Divorce can be a taxing experience, and continuing to live under the same roof with the spouse you have fallen out with may seem unbearable. During these times of tumult, it is not unusual for one party to opt out of the family home either voluntarily or under duress.
While you may have compelling reasons to leave the marital home before the conclusion of the divorce, it is important to understand that doing so has consequences. There are a number of things you need to consider before packing your bags.
What moving out means for your child custody case
Walking out of the marital home can jeopardize your child custody claim. This is especially true if you leave minor kids behind without a written custody and visitation agreement with your soon-to-be-ex. Your spouse may argue abandonment or concession of primary custody to them, and may withhold access with the children. The court, too, may be inclined to believe you are not interested in living with your children. Both scenarios may not favor your custody case.

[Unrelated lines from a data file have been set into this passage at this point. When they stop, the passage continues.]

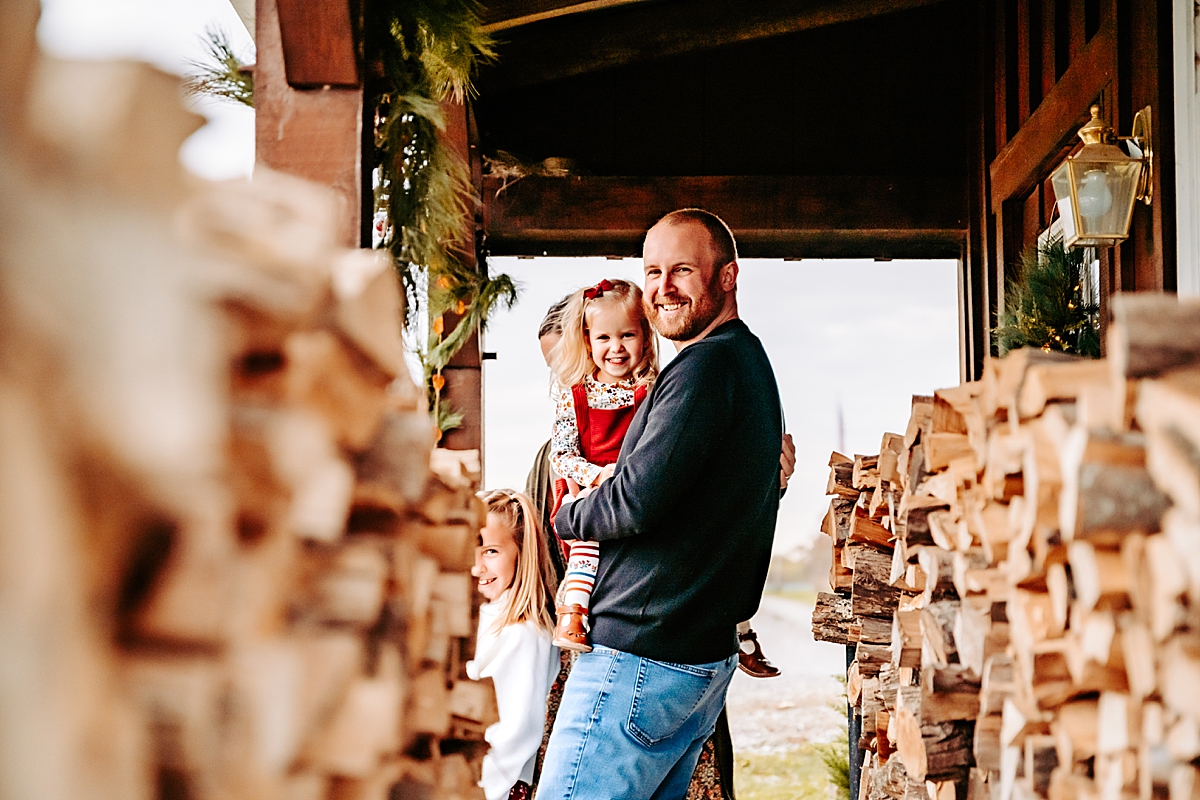 dad holding young daughter by wood pile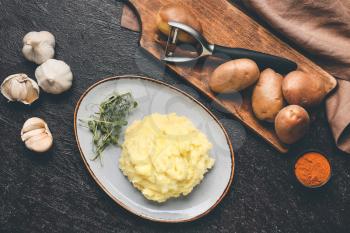 Composition with tasty mashed potato and garlic on table�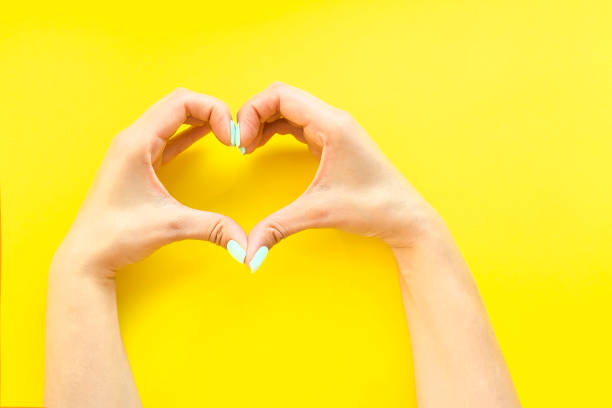 istock Heart from hands on a yellow background 1082303912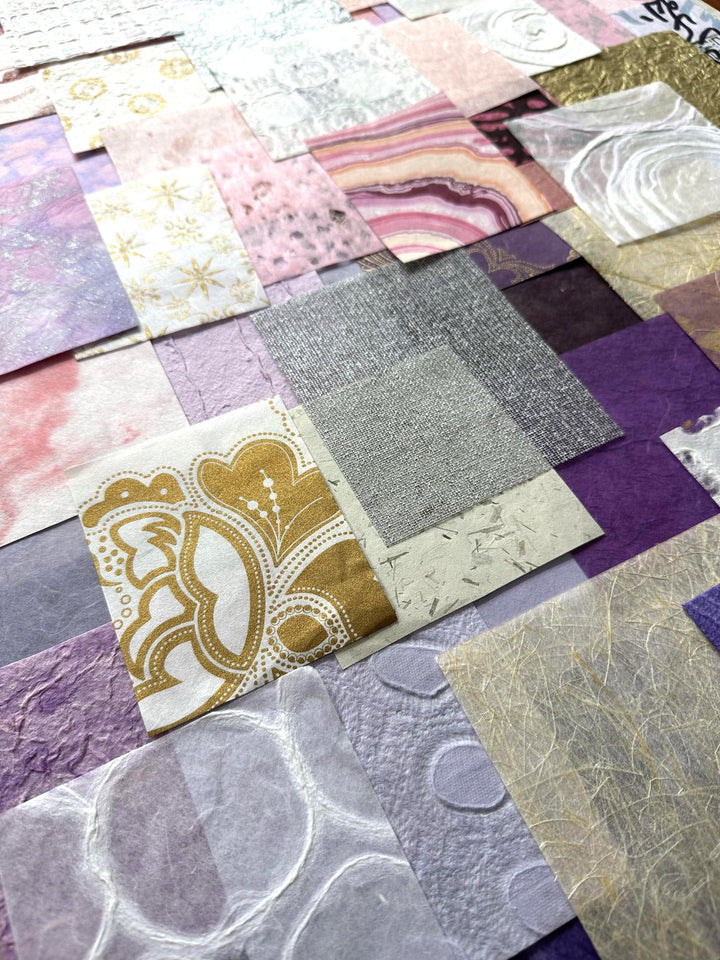 Colorful display of Kozo Studio’s 100-piece mulberry paper pack, highlighting the soft pink, purple, and white handmade paper designs curated for artistic versatility and DIY inspiration.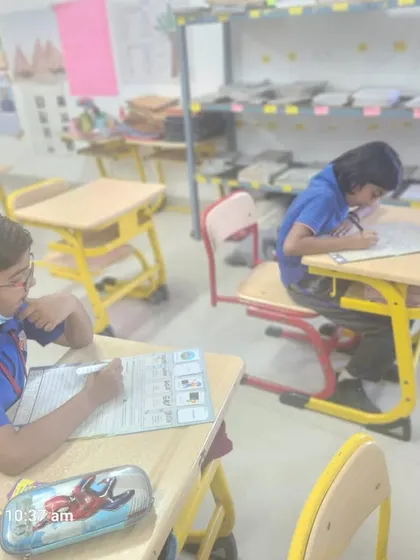 A Grade 2 student focuses intently on an activity-based learning worksheet, a method we use to make abstract concepts more concrete and understandable.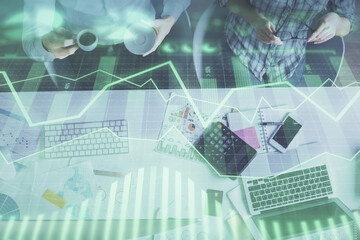 Double exposure of man and woman working together and financial chart hologram drawing. market analysis concept. Computer background. Top View.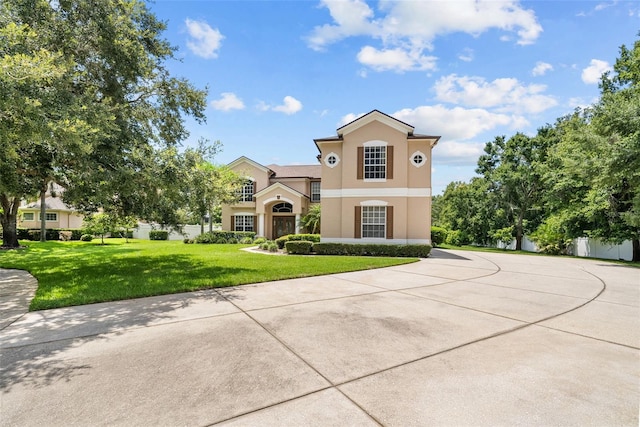 view of front of property with a front lawn and stucco siding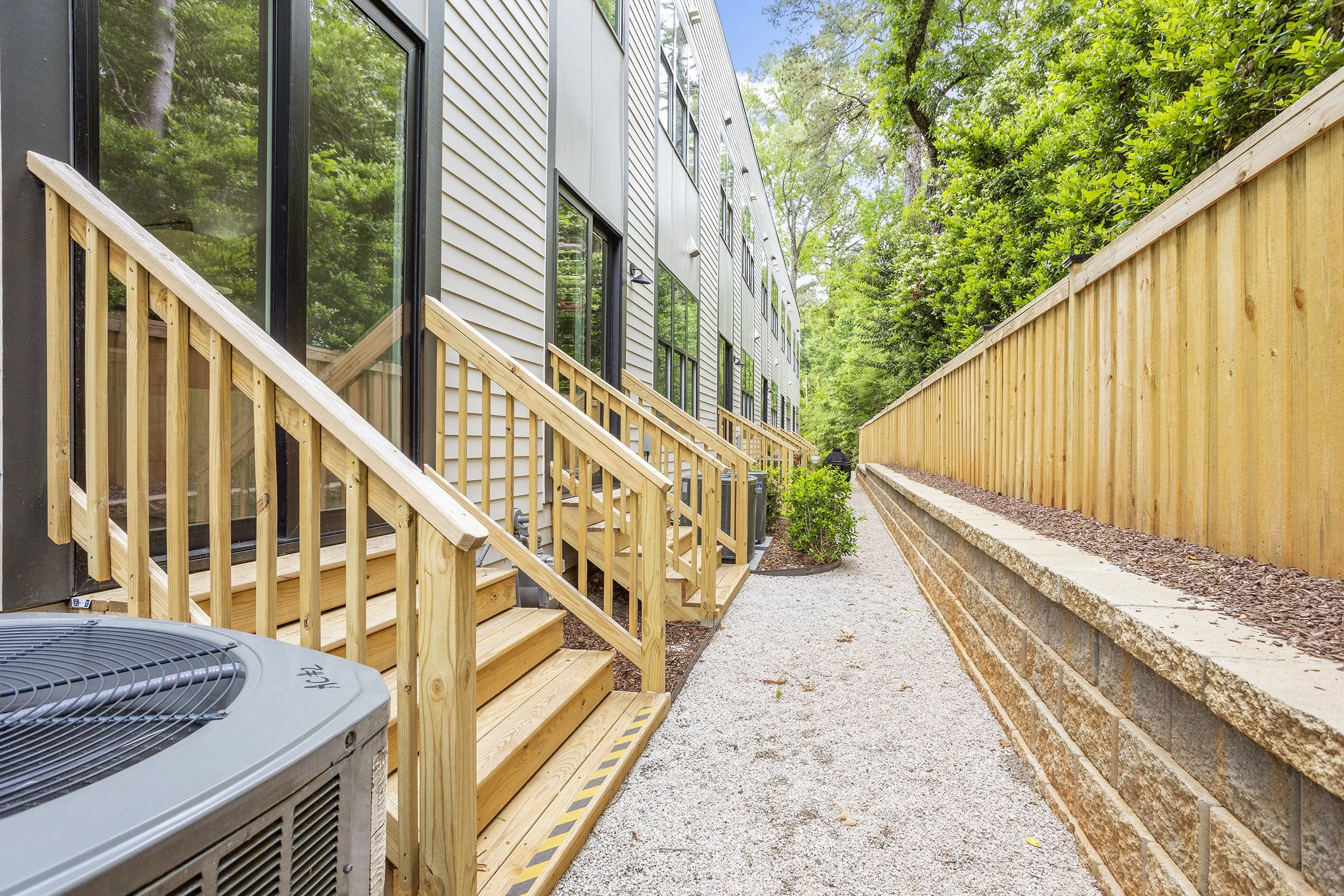 A side view of a modern multi-story apartment building with large glass windows, a small backyard with a wooden staircase, a gravel pathway, and a tall wooden fence with lush green trees.
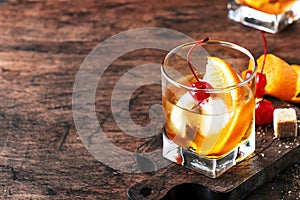 Old Fashioned - classic alcoholic cocktail with bourbon whiskey, bitter, cane sugar and ice in retro glasses on vintage bar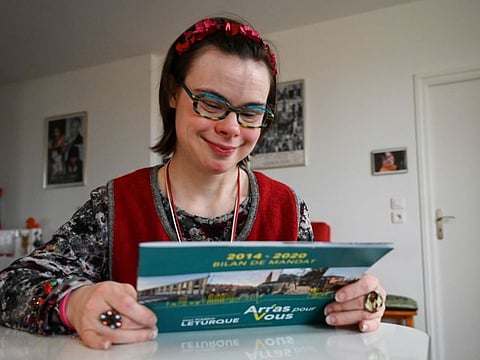Eleonore Laloux, a young woman with Down syndrome, at her home in Arras, northern France, on February 13, 2020. When the mayor of Arras, a town in northern France, asked her to stand as a candidate in upcoming municipal elections, Laloux did not hesitate.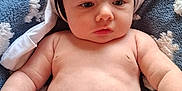 Elvis joined the competition — help win amazing prizes! baby, infant, diaper, blanket, soft_texture, skin, headwear, chubby, laying_down, indoors, child, cute, expression, closeup, human, person, small_hands, baby_skin, white_cloth, napkin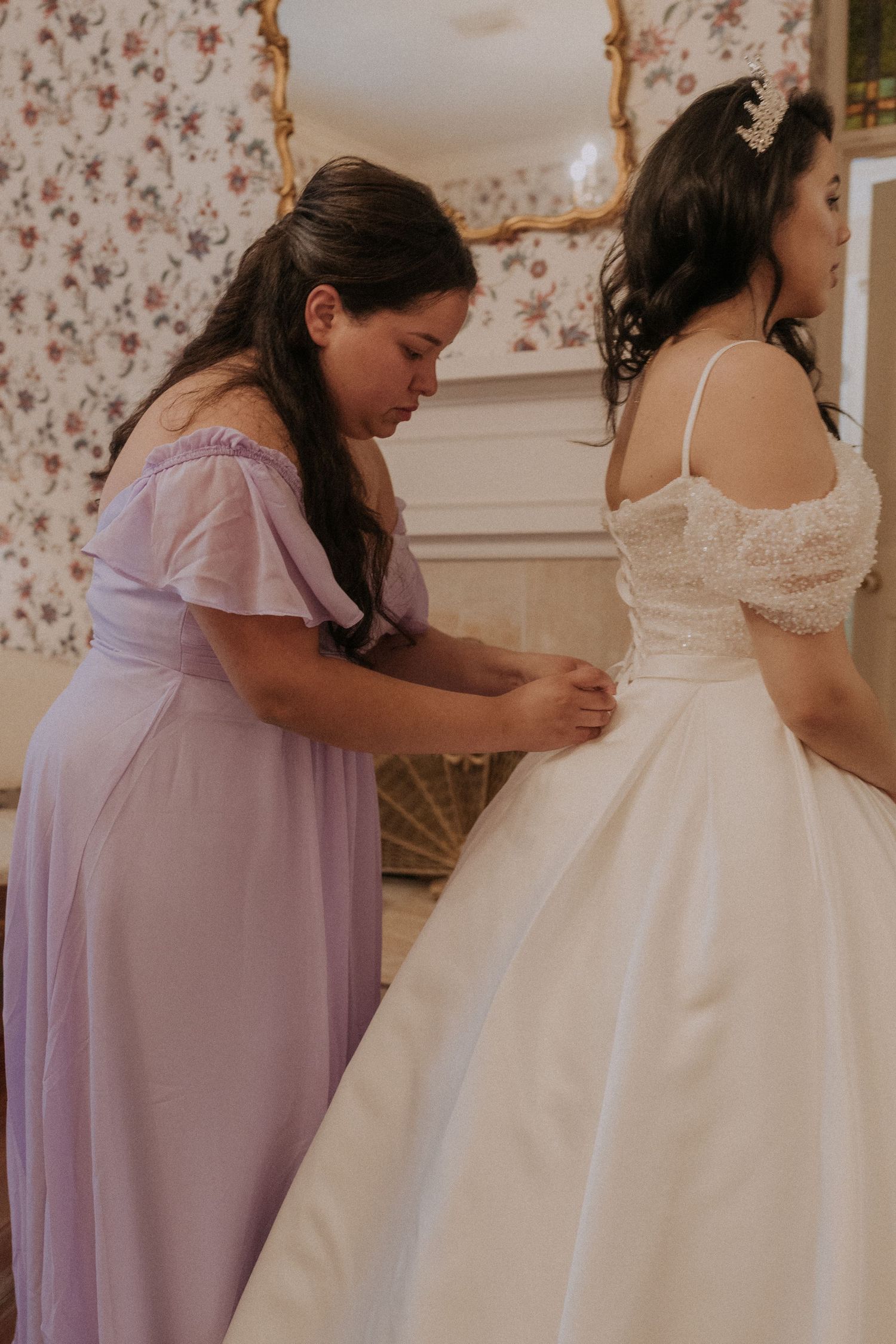Bridesmaid in lavender dress helping bride with white lace wedding gown in floral decorated dressing room.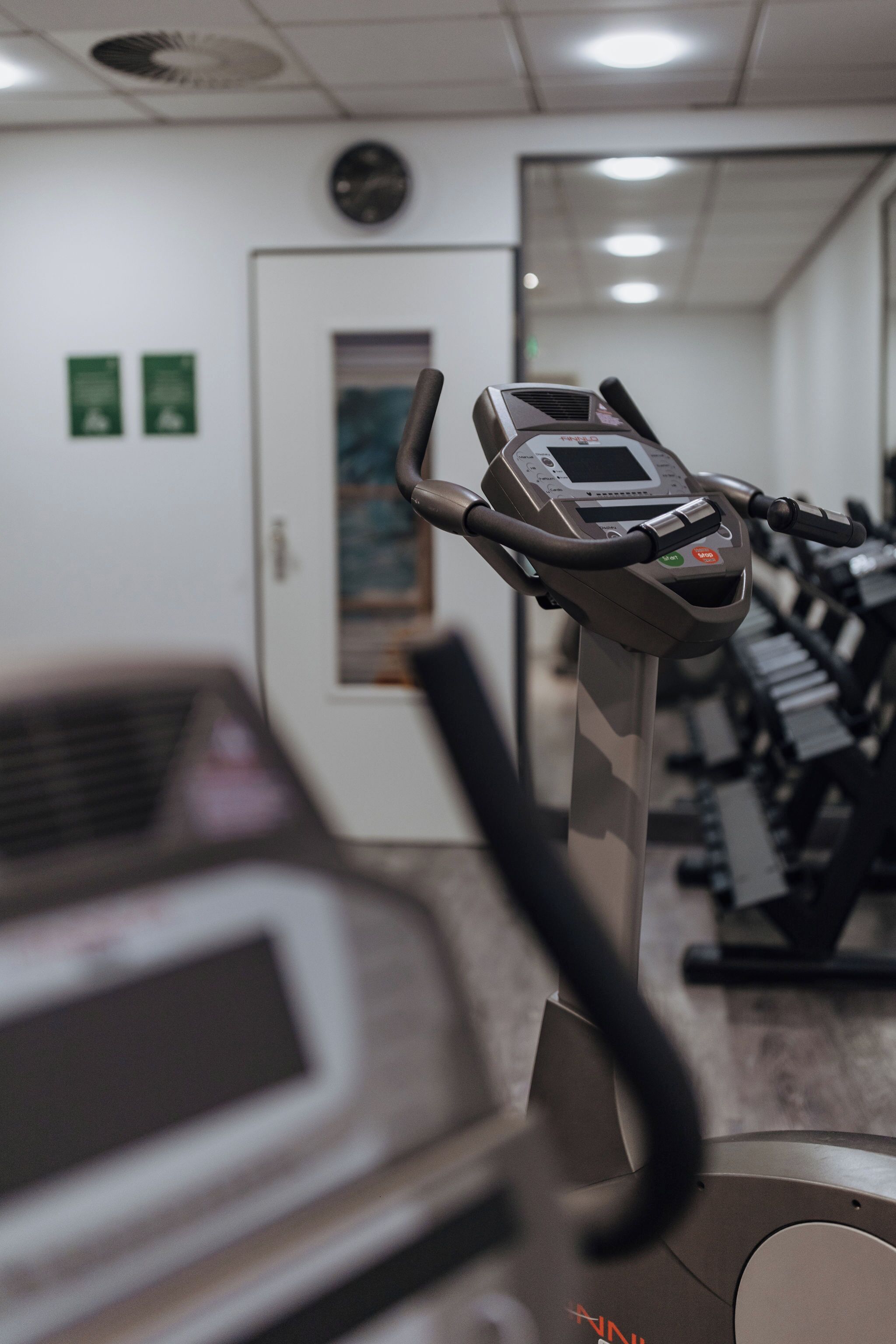 Una cinta de correr en un gimnasio, con un muro espejado y una puerta al fondo.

What moving out means for your finances
Moving out comes with additional expenses, which can be daunting if you have to continue paying marital bills. You might end up with double expenditure, resulting in financial hardship. As long as there is no abuse or threat of harm, staying in the marital home during the divorce process may make economic sense.
Voluntary vacation of the marital home may also prompt your soon-to-be-ex to petition the court to exclude you from the house. If this petition is granted, you may be barred from accessing the home while the divorce is underway.
Leaving the marital home before the conclusion of the divorce is one of the toughest decisions you might have to make. However, it is essential that you carefully weigh your options before leaving.